- Problem requirements: Having located "Replacement Generator Probe", write out its line and the remaining lines of the material exactly, the last one included, but not the pictures.

- Given data:
════════════════

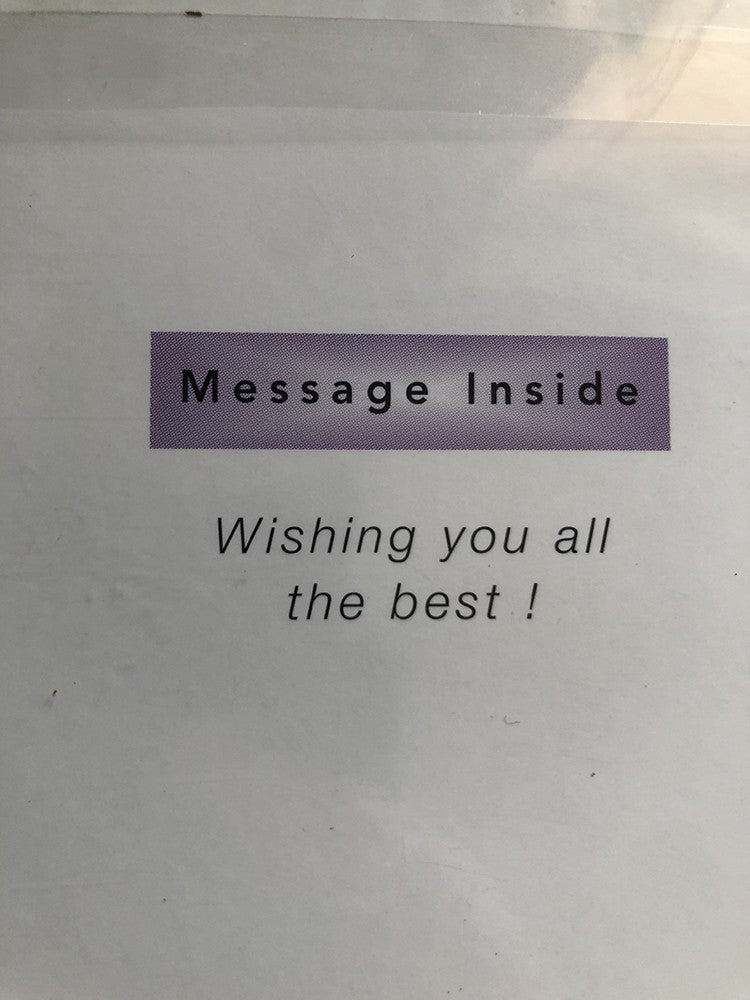Sorry You're Leaving Card Smiling Coloured Suns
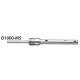 Replacement Generator Probe - 5mm x 50mm Flat Bottom - For Microtubes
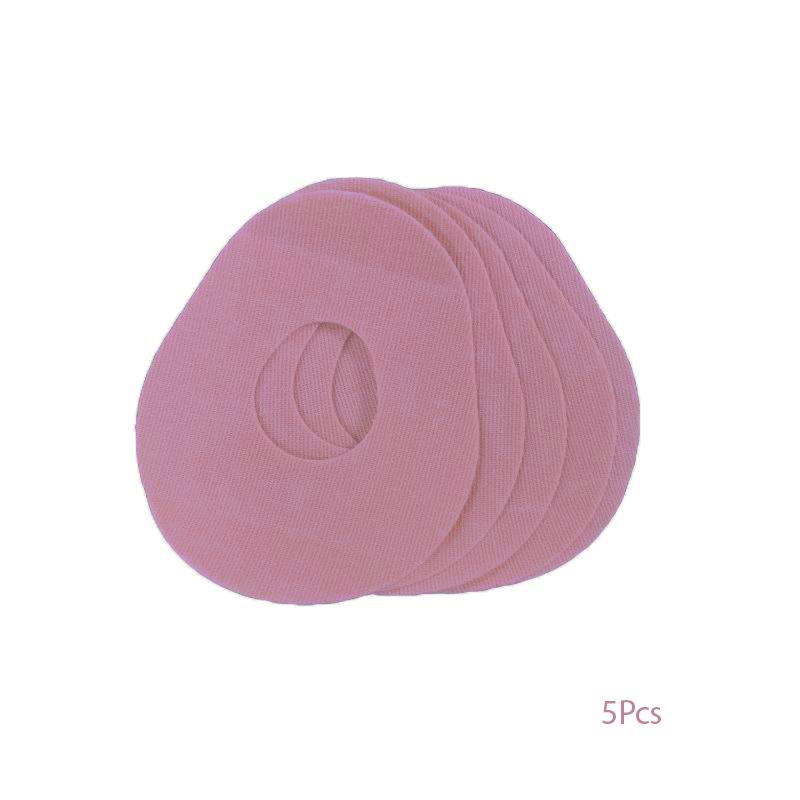 

5/10 шт. адгезивные фиксирующие пластыри для датчика глюкозы крови, защита монитора, дышащая лента, противоскользящие, долговечные, для активного отдыха розовый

════════════════

- Output of the task:
 Replacement Generator Probe - 5mm x 50mm Flat Bottom - For Microtubes

5/10 шт. адгезивные фиксирующие пластыри для датчика глюкозы крови, защита монитора, дышащая лента, противоскользящие, долговечные, для активного отдыха розовый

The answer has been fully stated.